Attendu que le transfert est le mode de transmission du titre nominatif et peut s’opérer soit par une négociation en bourse, soit par une cession directe, que le plus souvent, la cession directe est réalisée entre un vendeur et un acheteur qui se connaissent et n’ont pas besoin d’une contre partie sur un marché public.
Qu’en l’espèce, les parties se connaissent très bien et ont voulu ensemble « sauvegarder l’esprit d’amitié et de fraternité » ayant existé entre eux.

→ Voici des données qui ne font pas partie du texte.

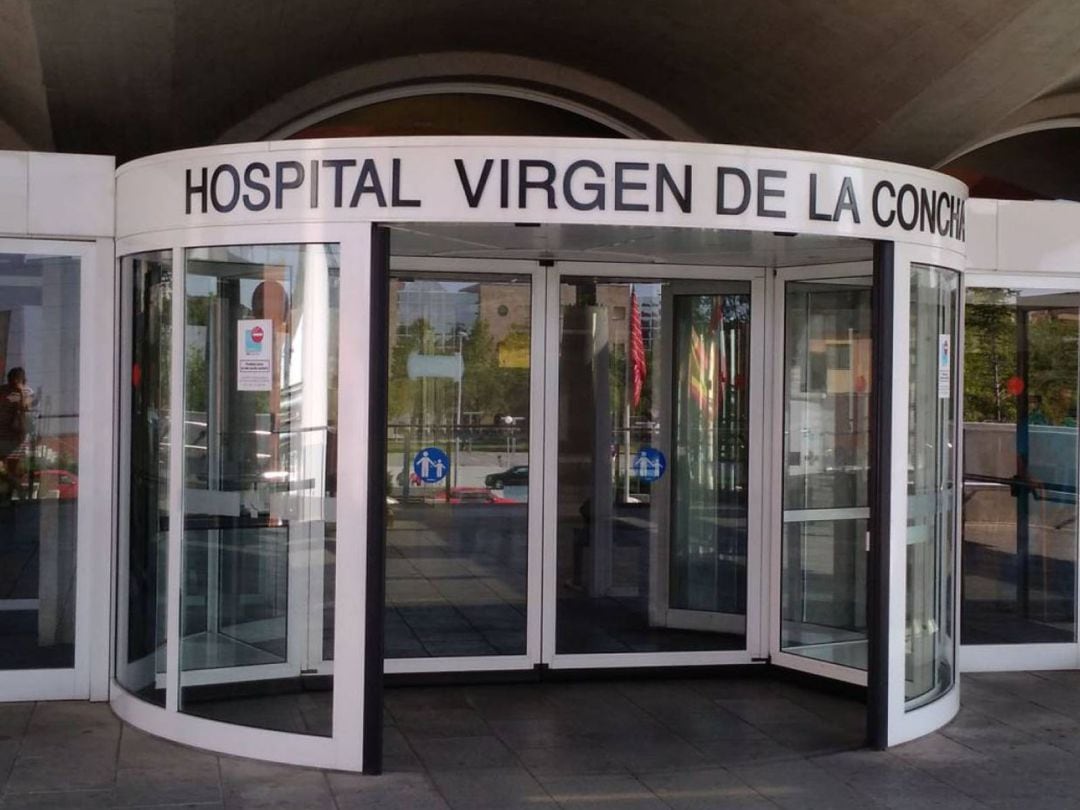 Hospital Virgen de la Concha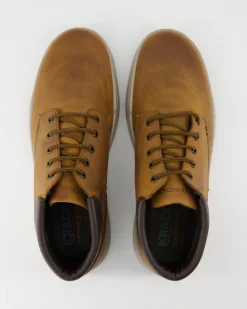 UEAGT 66265 Schnürstiefel in Braun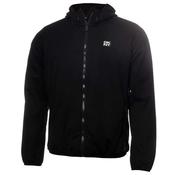 DKNY Gents Downpour F/Zip Jacket Small Black image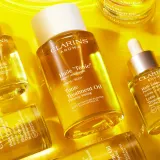 Clarins Tonic Body Treatment Oil тонизирующее масло для тела 100 мл — фото 4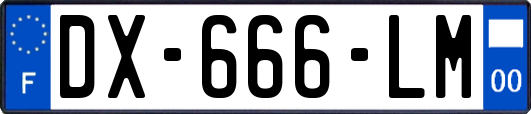 DX-666-LM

Que monsieur OUATTARA Héma Bakary a manifesté clairement sa volonté de vendre ses actions ainsi que celles de ses mandants dont madame OUATTARA Bintou et monsieur KONDET Idrissa à monsieur MYAOUENUH A. Damase qui a accepté en émettant trois (3) chèques d’un montant total de cinq millions (5. 000. 000 francs) de francs CFA.
Que monsieur OUATTARA Héma Bakary en recevant ces chèques le 30 novembre 1998 savait parfaitement qu’elles avaient été émises en règlement du prix de la cession des actions; que cependant, il les a gardé par-devers lui pendant quatre (4) mois avant de les retourner le 29 mars 1999 sous prétexte qu’il s’oppose à la vente.

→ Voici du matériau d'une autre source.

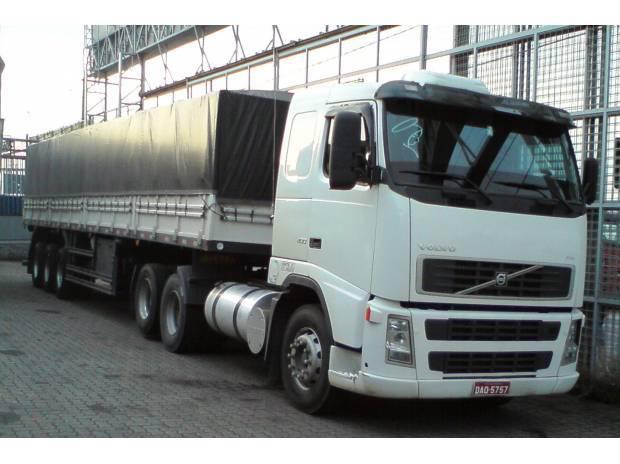 VOLVO FH 400 2007 6X2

Attendu qu’il est constant que le chèque est un instrument de paiement et non un instrument de crédit.
Qu’au moment où monsieur OUATTARA Héma Bakary recevait les chèques d’un montant de cinq millions (5 000 000 F), le 30 novembre 1998, il était pleinement conscient de les recevoir en paiement du prix de la cession des actions.
Qu’en les ayant ainsi gardé, il entendait donner suite à la promesse de vente faite à monsieur MYAOUENUH A. Damase conformément aux dispositions de l’article 1589 du code civil et se trouve alors mal venu aujourd’hui pour contester la validité de la cession d’actions.
Que de ce précède, il y a lieu de déclarer la cession des actions intervenue entre OUATTARA Héma Bakary et MYAOUENUH A. Damase le 30 novembre 1998 valable.
PAR CES MOTIFS
Statuant publiquement, contradictoirement, en matière civile et commerciale et en dernier ressort.
En la forme
Déclare les appels des parties recevables pour avoir été interjetés dans les forme et délai prévues par la loi.
Au fond
Infirme le jugement attaqué en ce qu’il a débouté la société STAD S.A et MYAOUENUH A. Damase en leur demande reconventionnelle en validation de cession d’actions.
Déclare valable la cession d’actions du 27 novembre 1998 faite par monsieur OUATTARA Héma Bakary tant en son nom propre que comme mandataire de son épouse, Bintou OUATTARA et de monsieur KONDET Idrissa.
Confirme le jugement entrepris en toutes ses autres dispositions.
Condamne OUATTARA Héma Bakary aux dépens.